El escritor norirlandés Stewart Parker reivindicó tiempo atrás el recuerdo de las víctimas «como nuestros acreedores, por la vida que ellos jamás conocieron». «Quiero que haya vida en esta casa», reclamó. Ese fue el reto de tantos supervivientes y resistentes de Belfast sobre el que se ha construido su fortaleza: vivir desafiando a la muerte. Margaret McKinney es uno de ellos. En su tumba del cementerio de Belfast luce su rostro sonriente junto al retrato de su hijo Brian. Asesinado por el IRA en 1978, los terroristas ocultaron su cadáver, solo encontrado en 1999 gracias al tesón de su madre y a las presiones sobre el infame Gerry Adams. En la película de Branagh, los protagonistas, más atemorizados por el recaudador de impuestos que por los paramilitares, abandonan la ciudad buscando un futuro mejor. En cambio, Margaret vivió desafiante en esa misma casa en la que besó por última vez a su hijo, en un barrio de Belfast feudo del IRA. Soportó constantes humillaciones por si algún arrepentido venía a darle información sobre el paradero de Brian.

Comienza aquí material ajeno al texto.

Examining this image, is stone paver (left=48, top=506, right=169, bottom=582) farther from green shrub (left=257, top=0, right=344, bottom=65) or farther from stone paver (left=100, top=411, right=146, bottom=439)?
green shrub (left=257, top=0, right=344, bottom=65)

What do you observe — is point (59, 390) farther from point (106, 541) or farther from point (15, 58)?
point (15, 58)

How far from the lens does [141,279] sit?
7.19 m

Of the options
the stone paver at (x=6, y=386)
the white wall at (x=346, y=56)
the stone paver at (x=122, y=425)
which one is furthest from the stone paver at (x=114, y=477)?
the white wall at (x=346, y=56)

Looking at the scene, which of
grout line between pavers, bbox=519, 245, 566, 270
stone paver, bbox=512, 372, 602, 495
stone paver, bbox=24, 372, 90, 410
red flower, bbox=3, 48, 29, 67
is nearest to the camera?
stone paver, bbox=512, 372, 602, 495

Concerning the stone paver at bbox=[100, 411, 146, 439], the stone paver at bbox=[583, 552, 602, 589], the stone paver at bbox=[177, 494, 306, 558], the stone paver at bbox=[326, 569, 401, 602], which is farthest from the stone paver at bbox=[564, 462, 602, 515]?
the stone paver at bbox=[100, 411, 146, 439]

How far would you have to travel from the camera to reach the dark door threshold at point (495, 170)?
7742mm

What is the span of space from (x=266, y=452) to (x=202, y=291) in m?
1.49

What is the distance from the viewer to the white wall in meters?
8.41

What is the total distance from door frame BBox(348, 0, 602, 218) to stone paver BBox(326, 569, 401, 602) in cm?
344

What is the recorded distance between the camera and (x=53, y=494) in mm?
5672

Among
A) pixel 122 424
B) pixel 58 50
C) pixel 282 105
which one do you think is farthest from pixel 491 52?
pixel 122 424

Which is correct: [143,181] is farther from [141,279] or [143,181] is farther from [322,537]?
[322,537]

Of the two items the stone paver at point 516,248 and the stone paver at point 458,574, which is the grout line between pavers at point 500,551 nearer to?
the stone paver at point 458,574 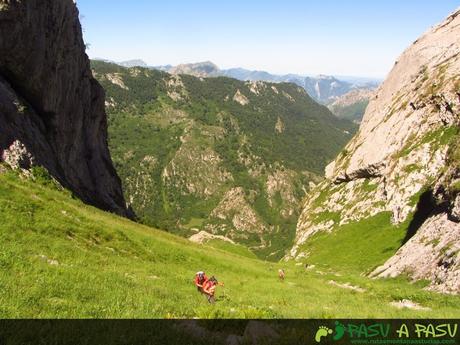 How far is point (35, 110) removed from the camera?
55.4 metres

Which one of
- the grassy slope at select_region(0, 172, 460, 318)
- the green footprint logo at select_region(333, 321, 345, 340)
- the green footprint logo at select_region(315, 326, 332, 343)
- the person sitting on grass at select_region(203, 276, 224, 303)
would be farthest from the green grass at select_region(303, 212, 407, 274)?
the green footprint logo at select_region(315, 326, 332, 343)

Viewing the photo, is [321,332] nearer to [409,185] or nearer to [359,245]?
[359,245]

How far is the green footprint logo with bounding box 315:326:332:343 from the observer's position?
1056cm

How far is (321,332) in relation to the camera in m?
10.9

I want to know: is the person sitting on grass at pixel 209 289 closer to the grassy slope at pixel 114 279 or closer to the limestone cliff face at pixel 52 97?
the grassy slope at pixel 114 279

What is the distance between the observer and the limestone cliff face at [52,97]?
45.6m

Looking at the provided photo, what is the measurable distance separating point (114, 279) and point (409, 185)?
209ft

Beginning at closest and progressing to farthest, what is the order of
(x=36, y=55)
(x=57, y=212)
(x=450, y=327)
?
(x=450, y=327) → (x=57, y=212) → (x=36, y=55)

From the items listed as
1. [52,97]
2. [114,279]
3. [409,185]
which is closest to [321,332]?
[114,279]

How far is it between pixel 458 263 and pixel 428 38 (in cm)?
9639

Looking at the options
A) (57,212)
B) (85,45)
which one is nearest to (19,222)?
(57,212)

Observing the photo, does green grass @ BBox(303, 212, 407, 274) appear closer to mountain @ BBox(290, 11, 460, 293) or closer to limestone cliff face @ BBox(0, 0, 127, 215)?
mountain @ BBox(290, 11, 460, 293)

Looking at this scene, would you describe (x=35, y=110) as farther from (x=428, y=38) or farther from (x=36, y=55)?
(x=428, y=38)

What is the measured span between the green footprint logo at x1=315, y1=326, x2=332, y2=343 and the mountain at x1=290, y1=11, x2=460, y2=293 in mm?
28839
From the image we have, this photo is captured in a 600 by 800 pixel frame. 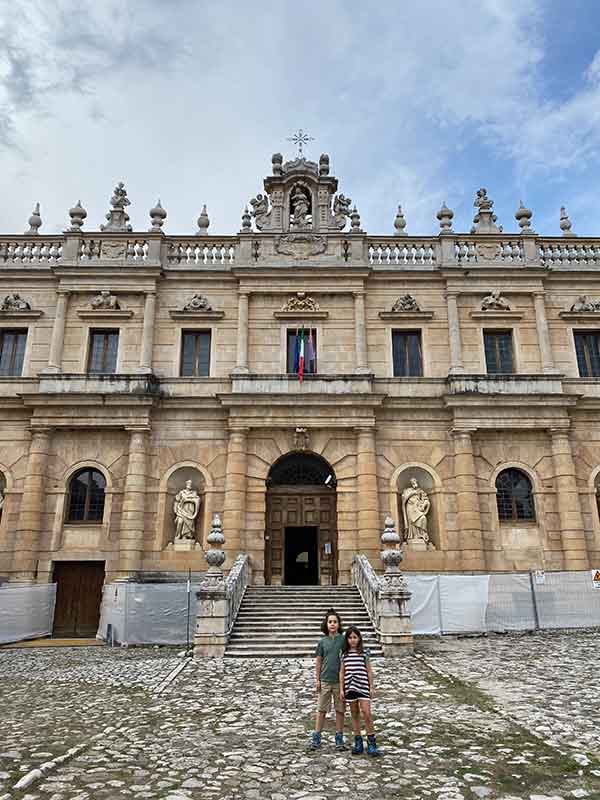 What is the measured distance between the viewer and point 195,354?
77.3 ft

Los terroristas, hoy políticos con traje y corbata, solo facilitaron la ubicación del cuerpo tras asegurarse de que los forenses no lo analizarían para juzgar a los culpables. Margaret enterró a Brian el 4 de septiembre de 1999. Aquel sábado pensó en la primera comunión de Brian allí mismo, en la iglesia de Santa Teresa al oeste de Belfast donde se oficiaba su funeral. Hubo un momento en el que cerró los ojos y vio a su niño feliz, elegantemente vestido para la ocasión. Cuando los abrió, a su lado tenía la caja con los huesos de Brian, lo que físicamente quedara de él tras permanecer enterrado 22 años. Ahora que por fin se habían reencontrado le bastaba con volver a cerrar los ojos para sentir sus caricias mientras se recostaba imaginariamente sobre su hombro susurrándole «mamá». «No estoy loca», me dijo Margaret con la entereza y la dulzura que aquellos criminales no lograron arrebatarle.

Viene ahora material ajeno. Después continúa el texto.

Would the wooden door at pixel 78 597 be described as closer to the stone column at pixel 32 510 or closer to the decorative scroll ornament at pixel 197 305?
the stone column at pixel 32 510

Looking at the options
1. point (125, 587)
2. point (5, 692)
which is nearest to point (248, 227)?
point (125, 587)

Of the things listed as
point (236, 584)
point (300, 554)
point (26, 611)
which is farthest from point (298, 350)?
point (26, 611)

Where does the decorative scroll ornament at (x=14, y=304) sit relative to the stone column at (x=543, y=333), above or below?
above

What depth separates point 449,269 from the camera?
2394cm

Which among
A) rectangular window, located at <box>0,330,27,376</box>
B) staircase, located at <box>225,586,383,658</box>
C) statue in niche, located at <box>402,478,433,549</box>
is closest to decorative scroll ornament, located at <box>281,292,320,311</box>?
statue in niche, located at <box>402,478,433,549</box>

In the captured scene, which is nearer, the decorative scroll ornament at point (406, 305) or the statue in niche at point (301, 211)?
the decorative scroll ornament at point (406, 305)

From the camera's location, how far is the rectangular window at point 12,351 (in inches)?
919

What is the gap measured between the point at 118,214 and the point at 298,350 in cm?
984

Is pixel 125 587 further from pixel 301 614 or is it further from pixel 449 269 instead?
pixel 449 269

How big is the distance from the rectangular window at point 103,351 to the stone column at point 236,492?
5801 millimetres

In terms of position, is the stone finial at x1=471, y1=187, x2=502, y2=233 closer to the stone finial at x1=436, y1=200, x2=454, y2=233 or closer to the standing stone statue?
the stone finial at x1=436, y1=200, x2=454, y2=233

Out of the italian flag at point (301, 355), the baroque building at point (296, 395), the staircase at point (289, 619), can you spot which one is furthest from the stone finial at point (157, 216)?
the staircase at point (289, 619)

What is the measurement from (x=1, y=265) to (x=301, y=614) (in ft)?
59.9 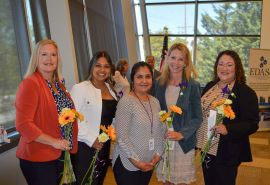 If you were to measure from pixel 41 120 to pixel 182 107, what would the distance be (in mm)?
1062

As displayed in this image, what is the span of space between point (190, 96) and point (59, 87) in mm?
1014

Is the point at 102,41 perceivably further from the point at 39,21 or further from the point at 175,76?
the point at 175,76

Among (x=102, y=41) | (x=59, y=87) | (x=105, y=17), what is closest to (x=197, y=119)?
(x=59, y=87)

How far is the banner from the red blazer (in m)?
6.16

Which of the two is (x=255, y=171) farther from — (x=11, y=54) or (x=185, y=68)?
(x=11, y=54)

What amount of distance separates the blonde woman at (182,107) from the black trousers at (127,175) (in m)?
0.22

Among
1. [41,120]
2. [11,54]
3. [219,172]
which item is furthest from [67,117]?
[11,54]

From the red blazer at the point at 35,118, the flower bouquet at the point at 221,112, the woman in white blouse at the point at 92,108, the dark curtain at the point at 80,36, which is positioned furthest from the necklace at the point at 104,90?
the dark curtain at the point at 80,36

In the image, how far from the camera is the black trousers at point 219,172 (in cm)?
221

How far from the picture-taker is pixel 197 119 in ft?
7.37

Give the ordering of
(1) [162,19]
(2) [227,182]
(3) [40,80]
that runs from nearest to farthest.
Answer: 1. (3) [40,80]
2. (2) [227,182]
3. (1) [162,19]

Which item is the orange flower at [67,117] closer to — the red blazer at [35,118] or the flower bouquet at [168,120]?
the red blazer at [35,118]

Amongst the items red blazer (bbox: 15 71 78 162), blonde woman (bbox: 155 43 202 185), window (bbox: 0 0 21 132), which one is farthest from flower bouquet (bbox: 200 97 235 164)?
window (bbox: 0 0 21 132)

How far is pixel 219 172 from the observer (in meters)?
2.23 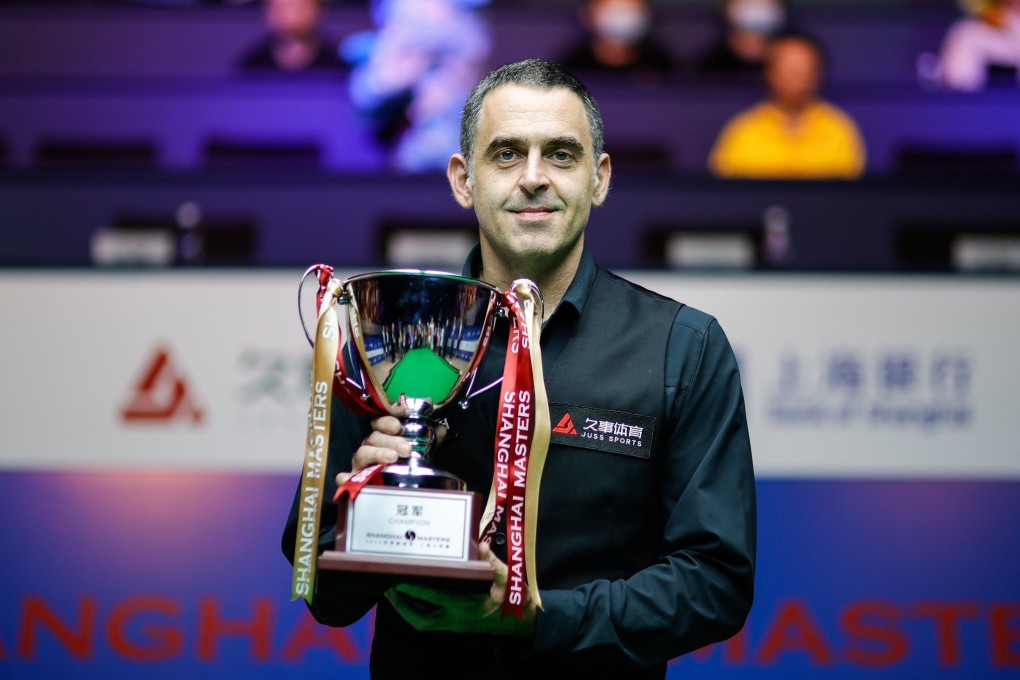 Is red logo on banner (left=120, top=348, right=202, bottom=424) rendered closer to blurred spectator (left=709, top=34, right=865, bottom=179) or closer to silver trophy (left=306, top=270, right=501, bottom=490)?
silver trophy (left=306, top=270, right=501, bottom=490)

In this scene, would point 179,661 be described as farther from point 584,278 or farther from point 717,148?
point 717,148

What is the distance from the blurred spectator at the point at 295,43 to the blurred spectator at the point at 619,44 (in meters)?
1.02

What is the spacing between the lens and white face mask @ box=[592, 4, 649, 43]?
4.49 meters

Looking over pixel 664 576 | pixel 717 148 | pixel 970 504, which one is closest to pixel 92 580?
pixel 664 576

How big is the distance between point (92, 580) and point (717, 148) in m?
2.99

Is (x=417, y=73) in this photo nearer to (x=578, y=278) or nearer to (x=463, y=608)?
(x=578, y=278)

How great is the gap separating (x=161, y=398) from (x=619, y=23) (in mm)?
2851

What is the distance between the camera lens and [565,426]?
3.98 feet

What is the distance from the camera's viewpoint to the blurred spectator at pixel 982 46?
4.50 m

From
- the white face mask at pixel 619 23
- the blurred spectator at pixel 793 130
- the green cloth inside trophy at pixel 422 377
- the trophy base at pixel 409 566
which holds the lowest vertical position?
the trophy base at pixel 409 566

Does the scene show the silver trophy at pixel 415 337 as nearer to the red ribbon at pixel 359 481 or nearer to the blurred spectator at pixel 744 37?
the red ribbon at pixel 359 481

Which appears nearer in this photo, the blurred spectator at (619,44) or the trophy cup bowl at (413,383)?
the trophy cup bowl at (413,383)

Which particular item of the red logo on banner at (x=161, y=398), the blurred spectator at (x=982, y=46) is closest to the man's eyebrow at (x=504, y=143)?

En 1971 Sean Hughes, policía católico, quedó postrado en una silla de ruedas tras ser tiroteado por el IRA. Parte de su cerebro se desparramó sobre la cuna de su bebé. Durante cuatro años Sean fue un vegetal hasta que logró recuperar el habla y algo de movilidad en un brazo. «Hay días en los que te sientes francamente mal y es muy importante hablar con gente que quieres. No para sentir lástima de ti, porque eso es autodestructivo, pero para entender que no eres el único con problemas, que hay otras personas que también sufren», me explicó en una ocasión. Su compañero Frankie O'Reilly fue asesinado por fanáticos protestantes en 1998. Ante el cortejo fúnebre, bajo un sol otoñal Janice, su viuda, se aferraba a la mano de su hijo Steven, de 10 años. Con una profunda tristeza, el pequeño contemplaba cómo unos robustos policías pulcramente uniformados portaban el féretro de su padre sin avergonzarse de no poder contener las lágrimas. «El hombre es un ser que recuerda. Su fidelidad es su dignidad misma», escribe Jankélévitch.

Rogelio Alonso, autor de 'La paz de Belfast' (Alianza) y 'Matar por Irlanda' (Alianza), fue Fellow y Lecturer en la Queen's University y la Ulster University de Belfast.